Results indicate a pronounced decline in snowfall amount and duration since the late 20th century, accompanied by a widespread transition in snow drought regimes from precipitation-limited to temperature-driven conditions. Projections based on glacier evolution models suggest that glacier runoff in much of the Tianshan region is approaching, or has already passed, peak water. Peak glacier runoff in the Western Tianshan is projected to occur between the late 2020s and mid-century, depending on emission pathways, while the Eastern Tianshan likely entered a post-peak phase in the early 2020s.
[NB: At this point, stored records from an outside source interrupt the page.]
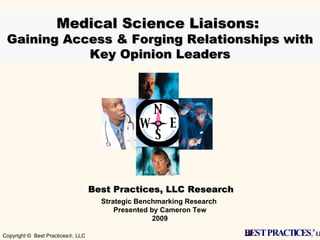 Best Practices, LLC Research Medical Science Liaisons:  Gaining Access & Forging Relationships with Key Opinion Leaders Strategic Benchmarking Research  Presented by Cameron Tew 2009 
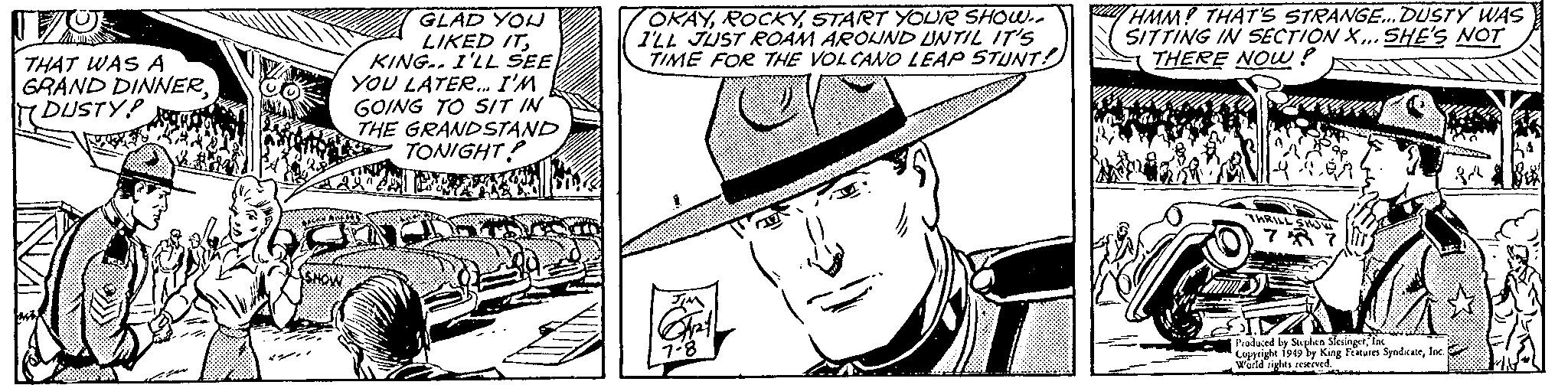 Costume hat OCR: THAT WAS A GRAND DINNERDUSTY GLAD YON LIKED ITKING.. I'LL SEE YOU LATER... I'M GOING TO SIT IN THE GRANDSTAND TONIGHT? de E SHOW 49 OKAYSTART YOUR SHOW.. I'LL JUST ROAM AROUND UNTIL IT'S TIME FOR THE VOLCANO LEAP STUNT! C JIM Art 7-8 Ta HMM! THAT'S STRANGE... DUSTY WAS SITTING IN SECTION X... SHE'S NOT THERE NOW? THRILL SHOW 737 18 Produced by Stephen SlesingerInc Copyright 1949 by King Features SyndicateInc. World rights reserved. THAT WAS A GRAND DINNERDUSTY GLAD YON LIKED ITKING .. I'LL SEE YOU LATER ... I'M GOING TO SIT IN THE GRANDSTAND TONIGHT ? de E SHOW 49 OKAYSTART YOUR SHOW .. I'LL JUST ROAM AROUND UNTIL IT'S TIME FOR THE VOLCANO LEAP STUNT ! C JIM Art 7-8 Ta HMM ! THAT'S STRANGE ... DUSTY WAS SITTING IN SECTION X ... SHE'S NOT THERE NOW ? THRILL SHOW 737 18 Produced by Stephen SlesingerInc Copyright 1949 by King Features SyndicateInc. World rights reserved .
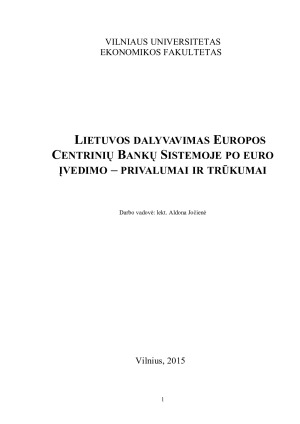 LIETUVOS DALYVAVIMAS EUROPOS CENTRINIŲ BANKŲ SISTEMOJE PO EURO ĮVEDIMO – PRIVALUMAI IR TRŪKUMAI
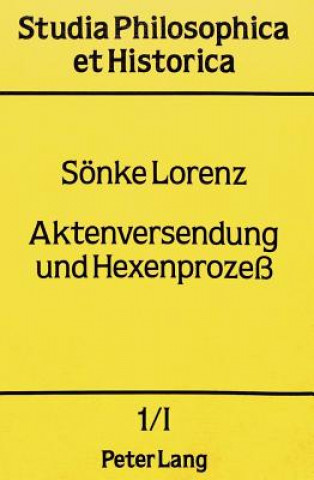 Könyv Aktenversendung und Hexenprozess Sonke Lorenz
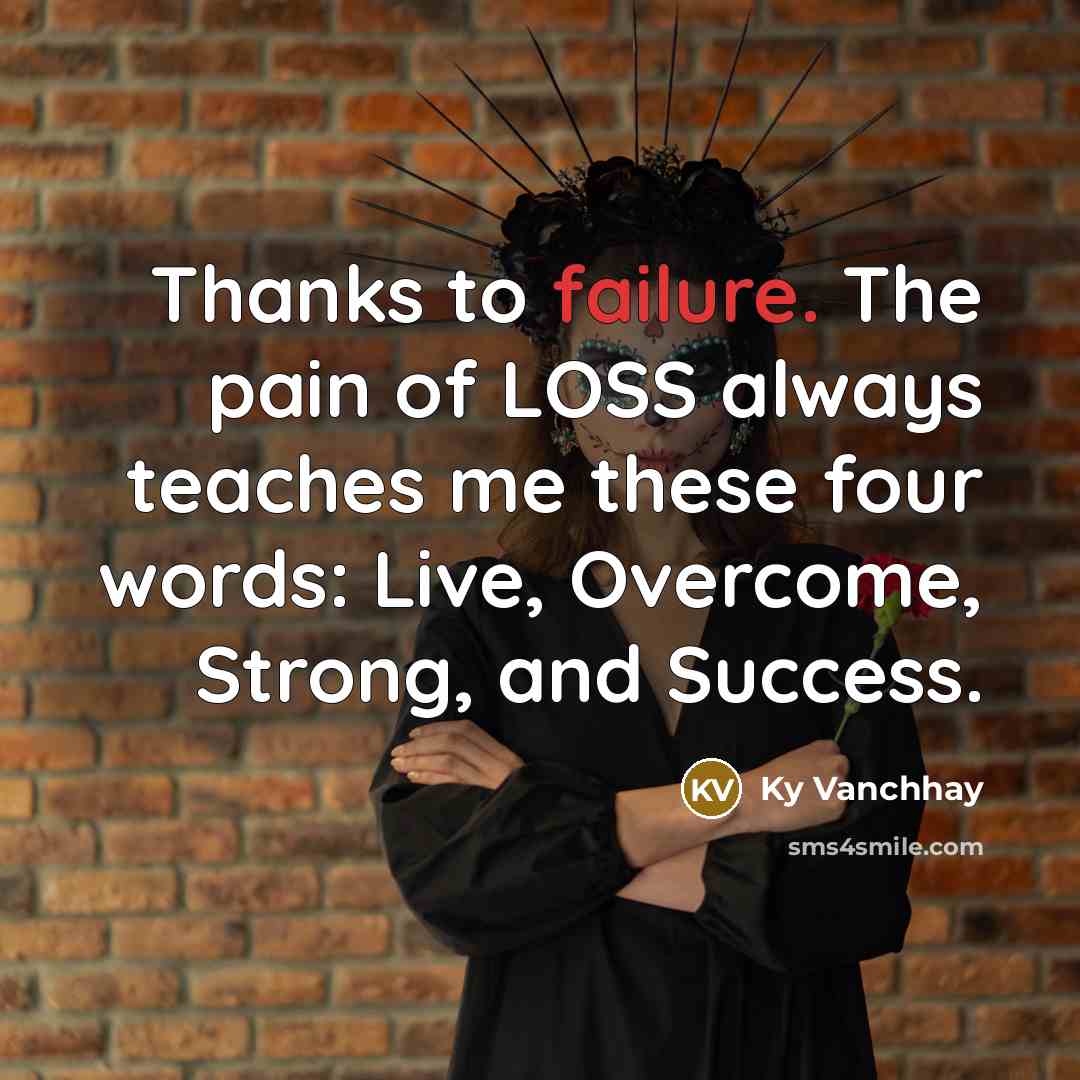 “Thanks to failure. The pain of LOSS always teaches me…” quote by Ky Vanchhay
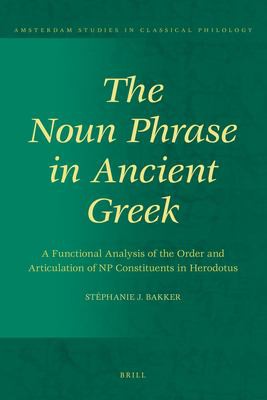 The noun phrase in ancient Greek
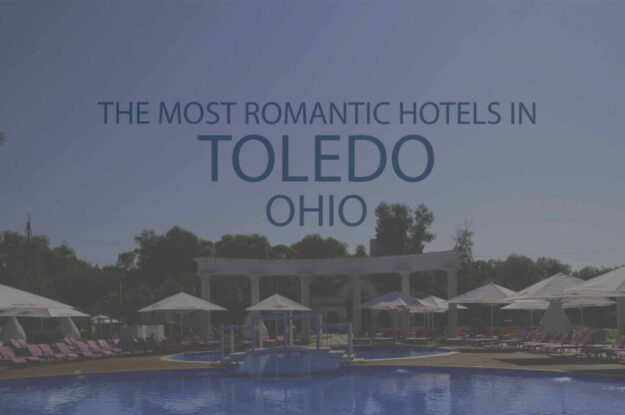 11 Most Romantic Hotels in Toledo, Ohio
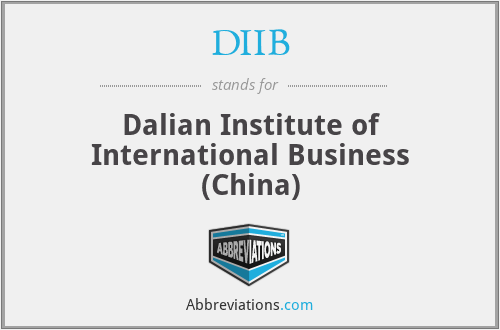 DIIB - Dalian Institute of International Business (China)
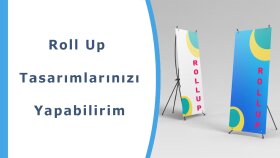 roll up tasarımlarınızı yapabilirim
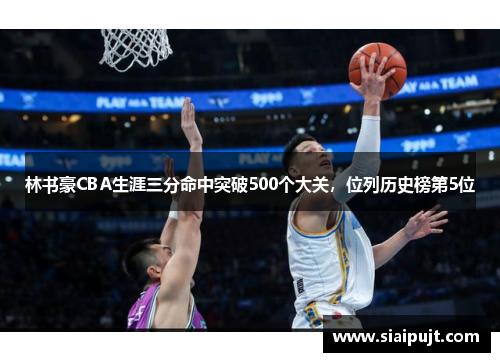林书豪CBA生涯三分命中突破500个大关，位列历史榜第5位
Meanwhile, the accelerated expansion of glacial lakes has raised the risk of glacial lake outburst floods (GLOFs), which are currently 3–4 times higher in the western subregion compared to other areas.

Concurrently, hydroclimatic extremes are intensifying. Heatwaves have become more frequent, longer-lasting, and more severe since the 1980s, particularly in the drylands of Central Asia, where declining soil moisture amplifies surface warming. Compound drought–heatwave events are projected to increase markedly under high-emission scenarios, with prolonged durations exceeding several weeks in some regions. Snow droughts are expected to occur more frequently, with warm snow droughts emerging as the dominant type and accounting for approximately two-thirds of future snow drought events by mid-century. These shifts signal a fundamental reorganization of drought dynamics, with cascading effects on hydrological, agricultural, and ecological systems.

Overall, this research highlights the escalating water-ecological risks in arid Central Asia driven by accelerated cryospheric change and intensifying heat extremes, and shifting drought regimes. The findings emphasize the importance of adaptive water management and climate resilience strategies to support sustainable development in this highly vulnerable region.